Friday, March 12, 2010

Wallace Stevens Appreciation Friday

I've arbitrarily decided Friday will be Wallace Stevens appreciation day here at A Supposedly Fun Thing. I'm a fan of declaring tradition by fiat--in school we had "Gay Sweater Thursday", "Pu Pu Platter Tuesday", and "Dress Like It's 1986" parties at the end of every month, for instance.
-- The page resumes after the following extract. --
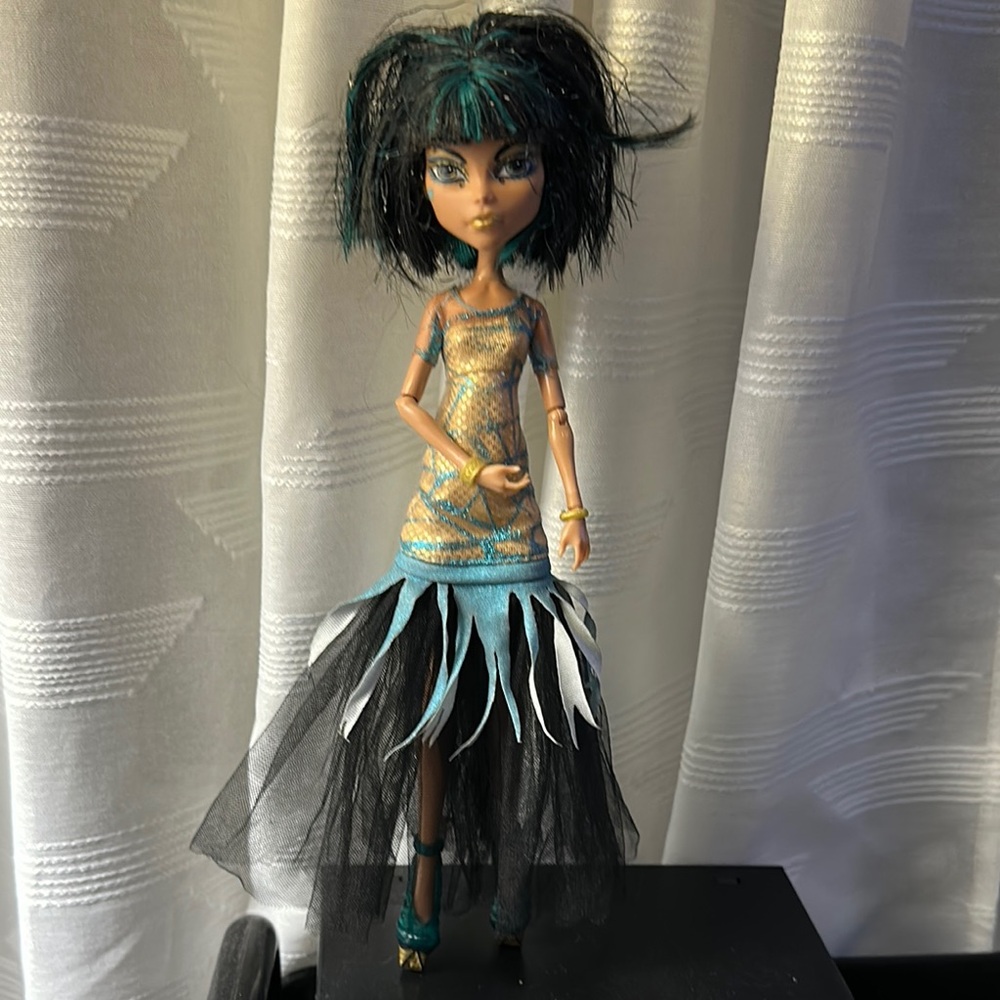 Monster High Black and Blue Fashion Doll with Edgy Style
As for Wallace Stevens in particular? I picked up a couple of vintage editions of his poetry at Myopic Books in Wicker Park (the land of silver spoons and paper plates) recently and remembered how much I love his work. It's like in His Girl Friday when the grizzled old newspaper man picks up a column tossed off by the film's heroine, reads it admiringly, shakes his head, and says "It'll do until something else comes along." Stevens, too, will do until something else comes along.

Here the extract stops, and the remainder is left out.